Velyn laughed her soft, low laugh, shook her head with mock seriousness, and said, “You shouldn’t do too much of that. It isn’t good for you.”
“I shouldn’t,” he agreed, “but I can’t seem to stop myself.” He took her hand in his a
nd said, “You and I have been working toward the same goals. We want the same things from life—to bring freedom to the people of the Warrens, to make a difference in the world. To leave Oel Artis a better place than we found it.”
Her expression seemed to him a bit bemused, and he thought, I’m not saying this right. I’m not saying any of this the right way.
“We fit each other, Velyn,” he said. “And I love you. I love everything about you—the way you move, the way you talk, the way you keep surprising me with things that you know I never, ever heard of. I would spend an eternity with you. I would spend two eternities with you, if I could have them.”
Velyn laughed. “I love you, too, Wraith. But you already know that.”
He nodded. “I want to offer you vows, Velyn. I want to offer you myself.
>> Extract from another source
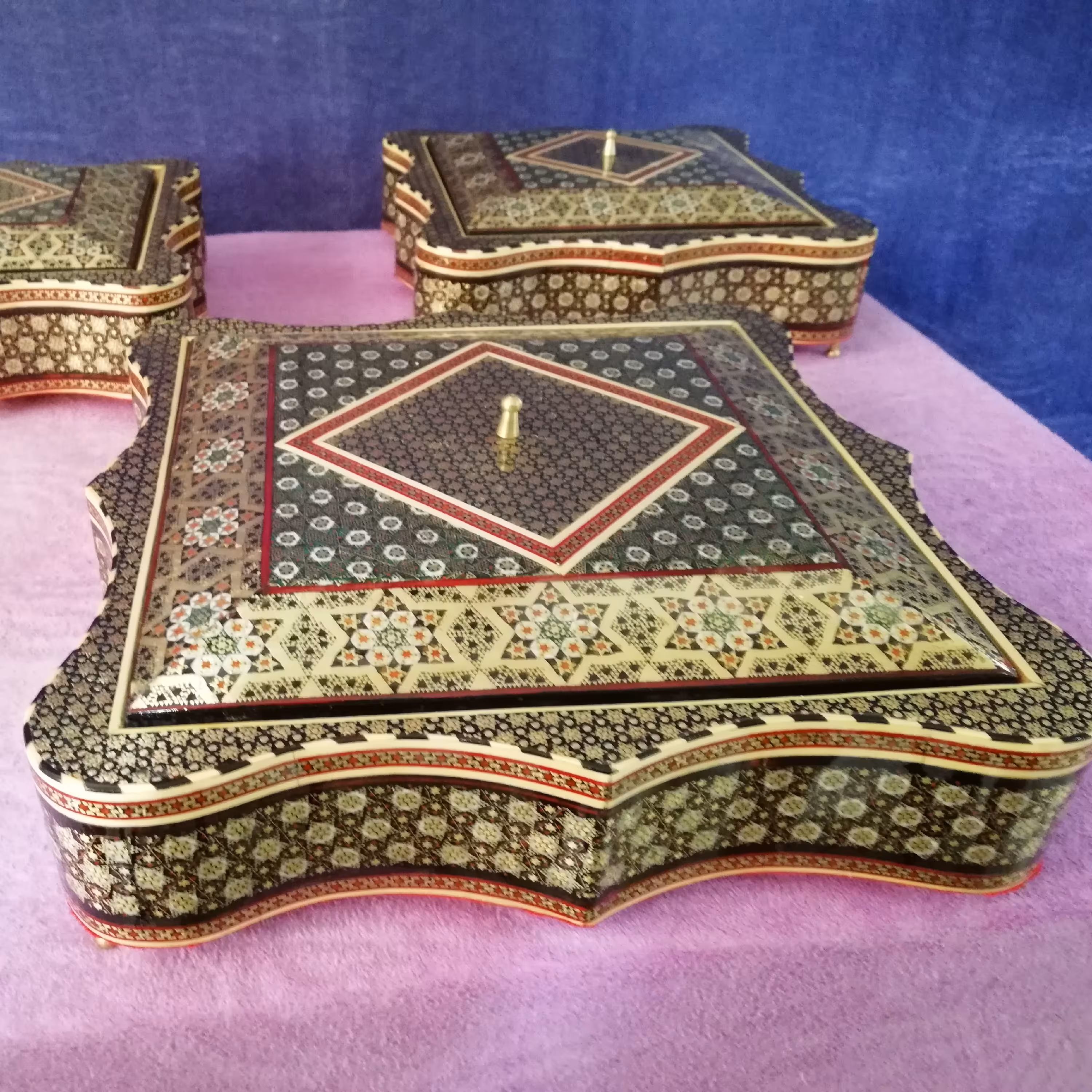 جعبه گز و آجیل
I want to be your love, your partner, your companion and friend, for the rest our lives and beyond into eternity if the bonds of our vows will transcend death.”
He had done it in a rush, hoping to see in her face receptivity, excitement, joy. But what he saw in her eyes was … evasion.
She smiled, and her smile was sad. “I love you, Wraith. Can’t having now be enough? Can’t it be enough that we have this moment, this work we share, our nights together for as long as we have them? Can’t we find what joy we can in that and hold it to ourselves—create memories that we can keep, and accept the days that come?”
He didn’t understand. “You love me. Don’t you?”
“With all my heart. With my body. With my soul. I have loved you since we first met.”
“Then why won’t you say you’ll join in the nutevaz with me?”
What he saw next in her eyes he liked even less than the evasion. He saw pity, and inwardly he shuddered.
She sighed deeply and looked down at her paint-speckled hands. “I’m stolti,” she said, not looking at him. “I couldn’t take vows with you if you were chadri—not even if you were rich and powerful and had your own house in Oel Artis Travia.”